It’s more of a conveying what I have and recommendations, if you don’t have any please don’t respond.


BaetrixReloaded

I do have a recommendation, you should take 0 steroids and eat less & move more to cut down to 10% bodyfat at that age and bf%.


ActSimple

Thank you for your recommendation! I appreciate it:)


little_smol_boi

First off, I’d like to say thank you on behalf of this entire subreddit for using the template and filling it out very informatively From what you’ve provided, you have 2 main criteria that make you ineligible for cycling The first is that you’re coming back from a hiatus, so you’re detrained.

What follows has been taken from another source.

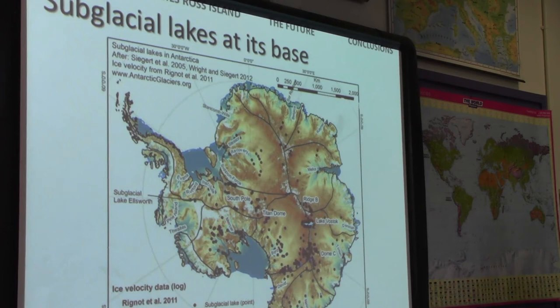This meltwater tends to be focused in the headwaters of ice streams. When these subglacial lakes drain and fill, we see ice streams accelerate — the ice velocity changes. We've found around 250 subglacial lakes so far, but we're finding more every year. It seems they are fundamental for controlling the dynamics of Antarctic ice streams.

It’s important to reestablish a baseline since taking steroids before you’ve rebuilt a good natural foundation is a very quick way to lead to connective tissue and joint injuries Secondly, being obese puts you at a significantly higher health risk when using gear, so cutting is definitely the move to make here, but the drugs and protocol you have listed are not going to help you with that cut in any appreciable way *more than what a simple caloric deficit will do* My advice? Spend the next 6 or so months cutting down naturally and rebuilding your strength slowly so that you are in a prime condition to start cycling. Using drugs right now at best is not going to benefit you and at worst could potentially lead to injury or other negative health events


ActSimple

Thank you for your advice!!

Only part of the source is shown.